WHAT YOU HAVE TO DO:
Return every line of the data below exactly, but do not include the images.

DATASET EXTRACT:

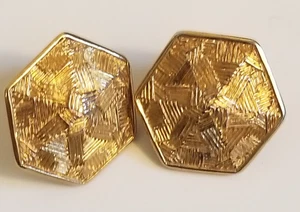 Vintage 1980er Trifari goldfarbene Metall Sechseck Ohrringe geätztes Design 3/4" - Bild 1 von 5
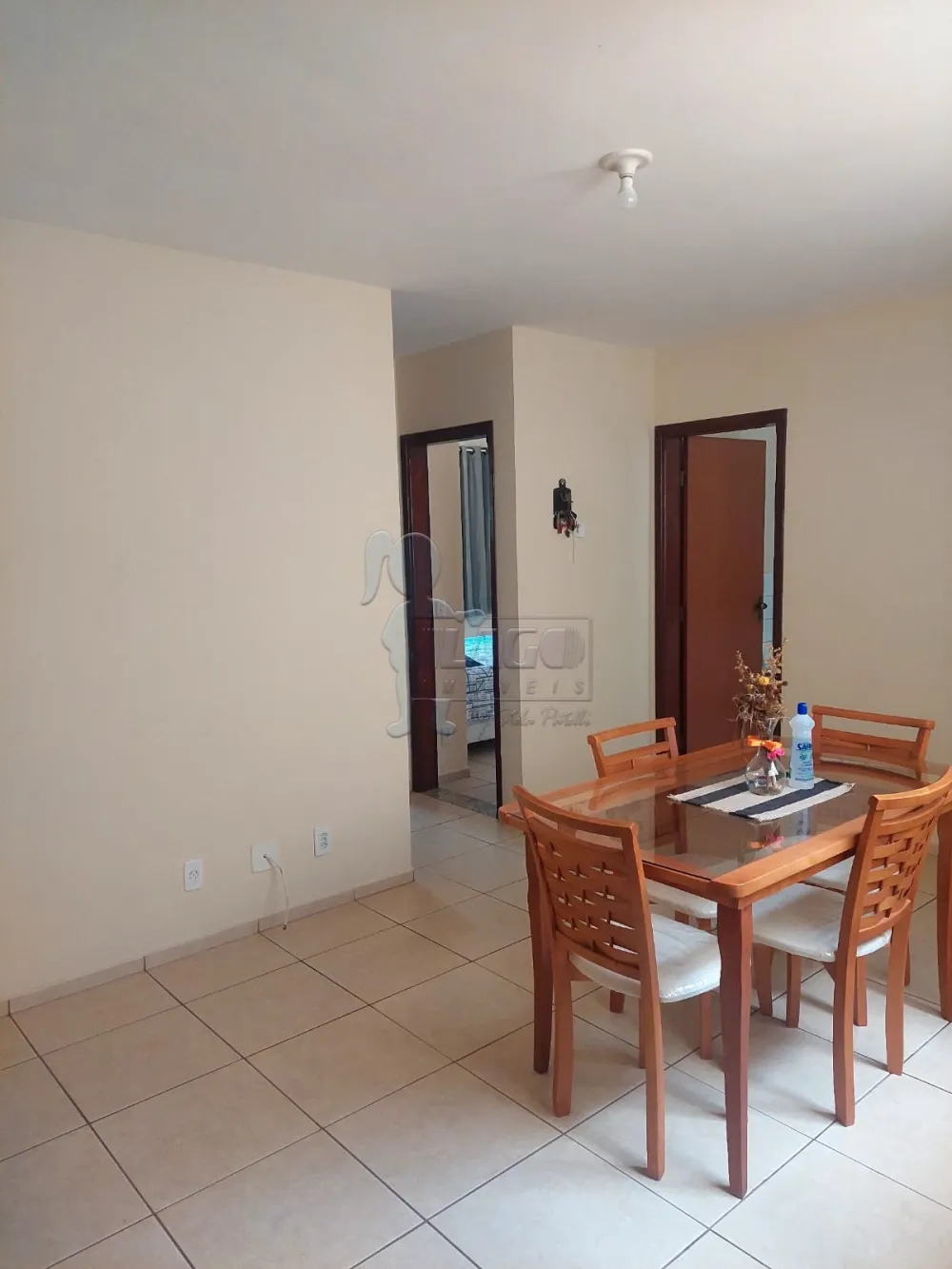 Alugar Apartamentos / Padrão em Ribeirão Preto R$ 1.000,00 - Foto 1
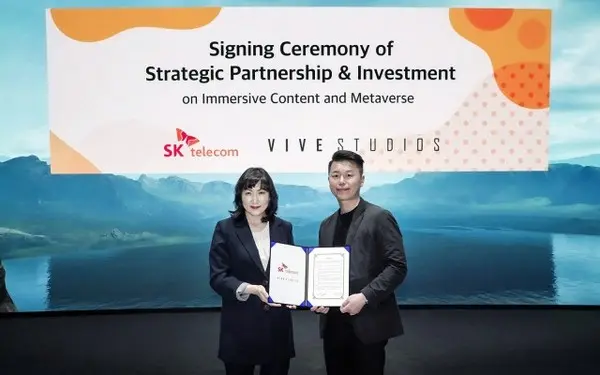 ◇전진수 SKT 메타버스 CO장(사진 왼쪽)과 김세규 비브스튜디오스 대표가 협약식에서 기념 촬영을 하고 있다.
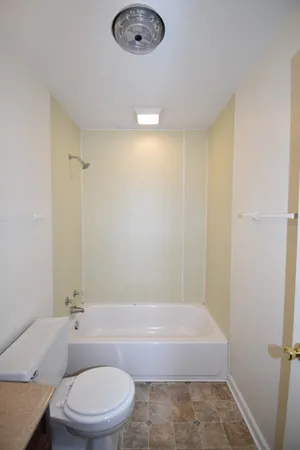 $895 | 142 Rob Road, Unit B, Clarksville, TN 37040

WRITTEN SOLUTION:
 Vintage 1980er Trifari goldfarbene Metall Sechseck Ohrringe geätztes Design 3/4" - Bild 1 von 5
 Alugar Apartamentos / Padrão em Ribeirão Preto R$ 1.000,00 - Foto 1
 ◇전진수 SKT 메타버스 CO장(사진 왼쪽)과 김세규 비브스튜디오스 대표가 협약식에서 기념 촬영을 하고 있다.
 $895 | 142 Rob Road, Unit B, Clarksville, TN 37040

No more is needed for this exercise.